When the two leaders met in Poznan on February 21st on the fringe of a Franco-German-Polish summit, Mr Chirac suggested that Mr Duisenberg retire at 65, which would have given him barely two years in the job, and Dr Kohl suggested he serve five, the sources said. And there, very substantially, the issue stood until Saturday.
Lunch started late with a general round-table discussion. The reality, Mr Ahern said later, was clear then - 14 to one for Mr Duisenberg.
Then the British Prime Minister, Mr Tony Blair, called in the key players - Dr Kohl, Mr Chirac, Mr Duisenberg, the Dutch Prime Minister, Mr Wim Kok - in ones and twos for a series of what are known as "confessionals", returning periodically to brief fellow leaders on progress.
From early on Mr Duisenberg made clear to Mr Blair his willingness to retire early, but only on terms which explicitly left the discretion to him.
As the afternoon dragged on into the evening the French Prime Minister, Mr Lionel Jospin, clealry decided that this was his President's mess and he could handle it. Mr Jopsin left, rumour had it, to watch the French cup final.
It began to appear that Dr Kohl would accept an agreement that specified July 1st, 1999, as the retirement date and diplomats began briefing journalists that a deal had all but been done. Radio, TV, and the wires rushed to get the news out.
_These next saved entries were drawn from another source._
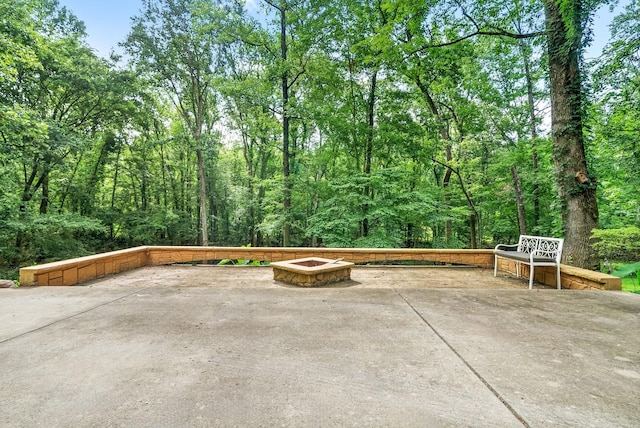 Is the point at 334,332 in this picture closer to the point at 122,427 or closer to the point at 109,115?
the point at 122,427

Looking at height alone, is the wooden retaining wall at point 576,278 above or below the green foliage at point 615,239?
below

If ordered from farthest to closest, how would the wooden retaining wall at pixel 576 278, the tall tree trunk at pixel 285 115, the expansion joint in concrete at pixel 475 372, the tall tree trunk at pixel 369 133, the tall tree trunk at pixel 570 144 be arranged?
the tall tree trunk at pixel 285 115, the tall tree trunk at pixel 369 133, the tall tree trunk at pixel 570 144, the wooden retaining wall at pixel 576 278, the expansion joint in concrete at pixel 475 372

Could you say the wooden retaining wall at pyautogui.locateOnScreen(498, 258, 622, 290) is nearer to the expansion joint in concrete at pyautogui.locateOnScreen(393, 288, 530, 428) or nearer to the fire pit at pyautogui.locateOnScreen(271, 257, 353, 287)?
the expansion joint in concrete at pyautogui.locateOnScreen(393, 288, 530, 428)

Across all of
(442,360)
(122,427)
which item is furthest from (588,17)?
(122,427)

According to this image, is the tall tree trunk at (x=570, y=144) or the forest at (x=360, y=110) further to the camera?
the forest at (x=360, y=110)

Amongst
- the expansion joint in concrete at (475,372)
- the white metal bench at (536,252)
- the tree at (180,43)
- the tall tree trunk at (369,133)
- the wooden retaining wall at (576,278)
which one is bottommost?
the expansion joint in concrete at (475,372)

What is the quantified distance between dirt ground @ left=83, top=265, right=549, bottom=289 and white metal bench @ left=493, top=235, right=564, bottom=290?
45cm

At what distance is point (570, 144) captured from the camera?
477 centimetres

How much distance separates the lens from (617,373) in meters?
1.72

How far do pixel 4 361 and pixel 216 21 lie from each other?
12.9m

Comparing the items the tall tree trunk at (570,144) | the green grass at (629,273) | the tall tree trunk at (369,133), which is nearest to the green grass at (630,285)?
the green grass at (629,273)

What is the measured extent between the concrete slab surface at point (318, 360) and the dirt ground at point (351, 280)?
3.00 ft

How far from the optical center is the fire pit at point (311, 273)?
417 centimetres

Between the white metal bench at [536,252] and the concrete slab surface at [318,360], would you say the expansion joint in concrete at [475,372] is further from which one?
the white metal bench at [536,252] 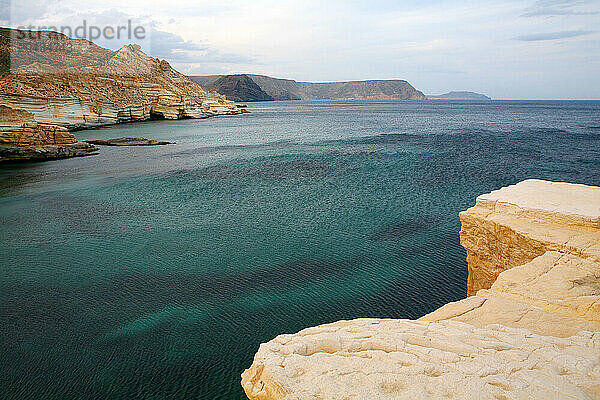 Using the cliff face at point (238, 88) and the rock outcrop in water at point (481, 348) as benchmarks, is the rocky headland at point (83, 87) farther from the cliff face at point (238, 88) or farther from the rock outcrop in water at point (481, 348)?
the cliff face at point (238, 88)

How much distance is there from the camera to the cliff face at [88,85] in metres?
44.7

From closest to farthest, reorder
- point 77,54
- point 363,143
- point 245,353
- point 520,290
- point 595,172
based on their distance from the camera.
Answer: point 520,290
point 245,353
point 595,172
point 363,143
point 77,54

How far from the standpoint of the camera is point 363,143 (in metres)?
37.7

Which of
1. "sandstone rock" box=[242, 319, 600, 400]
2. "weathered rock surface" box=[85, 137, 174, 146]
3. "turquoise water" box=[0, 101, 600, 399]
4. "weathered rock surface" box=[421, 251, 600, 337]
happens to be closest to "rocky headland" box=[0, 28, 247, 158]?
"weathered rock surface" box=[85, 137, 174, 146]

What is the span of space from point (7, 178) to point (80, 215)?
11.5 metres

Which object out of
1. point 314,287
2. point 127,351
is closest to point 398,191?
point 314,287

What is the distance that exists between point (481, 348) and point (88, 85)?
62.5 m

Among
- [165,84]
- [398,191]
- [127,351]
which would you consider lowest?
[127,351]

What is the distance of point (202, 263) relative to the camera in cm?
1145

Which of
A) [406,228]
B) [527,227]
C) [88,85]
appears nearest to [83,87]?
[88,85]

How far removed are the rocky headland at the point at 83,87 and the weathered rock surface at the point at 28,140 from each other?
0.09m

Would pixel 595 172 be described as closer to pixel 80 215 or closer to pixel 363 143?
pixel 363 143

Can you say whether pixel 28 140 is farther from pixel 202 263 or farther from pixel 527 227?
pixel 527 227

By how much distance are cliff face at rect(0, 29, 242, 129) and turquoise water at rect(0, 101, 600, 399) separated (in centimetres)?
2284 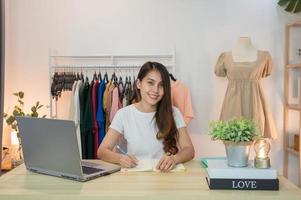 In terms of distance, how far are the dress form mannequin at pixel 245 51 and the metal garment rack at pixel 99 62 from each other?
62 centimetres

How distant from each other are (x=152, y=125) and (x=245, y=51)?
1460 mm

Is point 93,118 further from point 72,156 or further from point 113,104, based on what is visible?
point 72,156

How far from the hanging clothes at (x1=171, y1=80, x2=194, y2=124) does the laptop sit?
1642 mm

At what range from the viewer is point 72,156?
4.47 feet

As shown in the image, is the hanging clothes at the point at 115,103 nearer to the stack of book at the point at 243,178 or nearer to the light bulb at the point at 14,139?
the light bulb at the point at 14,139

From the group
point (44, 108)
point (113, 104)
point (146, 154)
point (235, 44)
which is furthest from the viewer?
point (44, 108)

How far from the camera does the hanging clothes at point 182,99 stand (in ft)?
10.3

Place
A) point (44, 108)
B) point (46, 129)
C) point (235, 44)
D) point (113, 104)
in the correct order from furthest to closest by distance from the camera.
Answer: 1. point (44, 108)
2. point (235, 44)
3. point (113, 104)
4. point (46, 129)

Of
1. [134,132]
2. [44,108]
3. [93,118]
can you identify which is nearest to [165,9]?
[93,118]

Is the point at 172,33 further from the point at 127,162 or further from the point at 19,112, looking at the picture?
Answer: the point at 127,162

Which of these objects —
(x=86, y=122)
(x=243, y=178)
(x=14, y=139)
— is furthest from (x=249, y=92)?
(x=14, y=139)

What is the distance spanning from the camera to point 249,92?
10.1 feet

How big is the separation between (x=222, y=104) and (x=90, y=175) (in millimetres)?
2136

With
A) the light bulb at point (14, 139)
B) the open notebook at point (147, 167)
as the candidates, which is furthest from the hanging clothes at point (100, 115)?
the open notebook at point (147, 167) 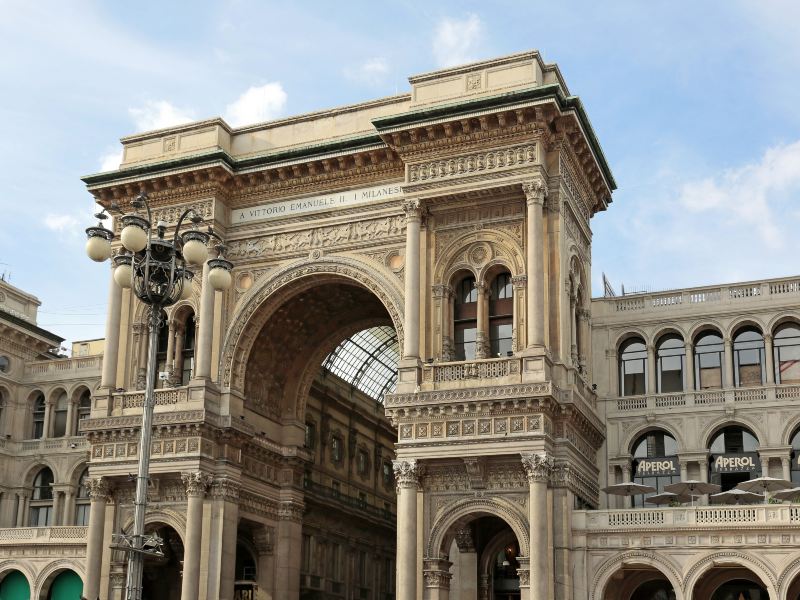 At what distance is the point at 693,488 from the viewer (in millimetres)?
39031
But Dr Kohl had not reckoned with his Finance Minister, Mr Theo Waigel, and the chairman of the Bundesbank, Dr Hans Tietmeyer. They pulled the plug on the deal, warning of political storms at home and a possible challenge in both the German Constitutional Court and the European Court of Justice. One evening paper in Germany had already headlined the deal "illegal". Agreement disappeared and the wires rushed to correct their earlier optimism.
Clearly it would not be possible to specify a date, but it took another three hours of frantic bilaterals by Mr Blair to get the whole thing back on board and for the French to accept the inevitable limitation on their ambitions.
A clearly subdued Dr Kohl told the press later it was one of the toughest EU summits he had attended. "There were many moments when I was not sure if we would get an agreement," he said.
The Taoiseach spoke of an atmosphere of intense relief at the end, "but it all ended up more or less where it started. It was classic negotiations."
The result leaves a sour taste in the mouth. And whatever about the market reaction, both Dr Kohl and Mr Kok are likely to pay a political price domestically for what is widely perceived as a fudge.
The much vaunted Franco-German alliance, supposedly the driving force of European politics, has also taken a dent, no matter what Mr Chirac might claim. He insisted to journalists that there was "no Franco-German difficulty, but a Franco-Dutch problem." German objections, he claimed, were purely technical or legal. Noone was convinced.
A classic French power play also illustrated very well the realpolitik of the EU veto system. A large country like France can wield the veto to bulldoze its way to an outcome favourable to itself where a smaller country will use a veto only as a matter of last resort.
And the British Presidency of Mr Blair has not covered itself in glory. Although there was a deal, it appeared to have been snatched from the jaws of defeat in a manner that has done much damage to the credibility of the ECB. The Italian Prime Minister, Mr Romano Prodi, and the Luxembourg Prime Minister, Mr JeanClaude Juncker, both criticised what they called the British presidency's poor preparation of the issue. "There were people much more experienced than me who said they had never seen anything like it," said the Austria's Chancellor Viktor Klima.
Mr Ahern, the spirit of Castle Buildings still intact, was somewhat kinder than some of his officials. "In all fairness to Tony Blair," he told reporters, "he had a hard day."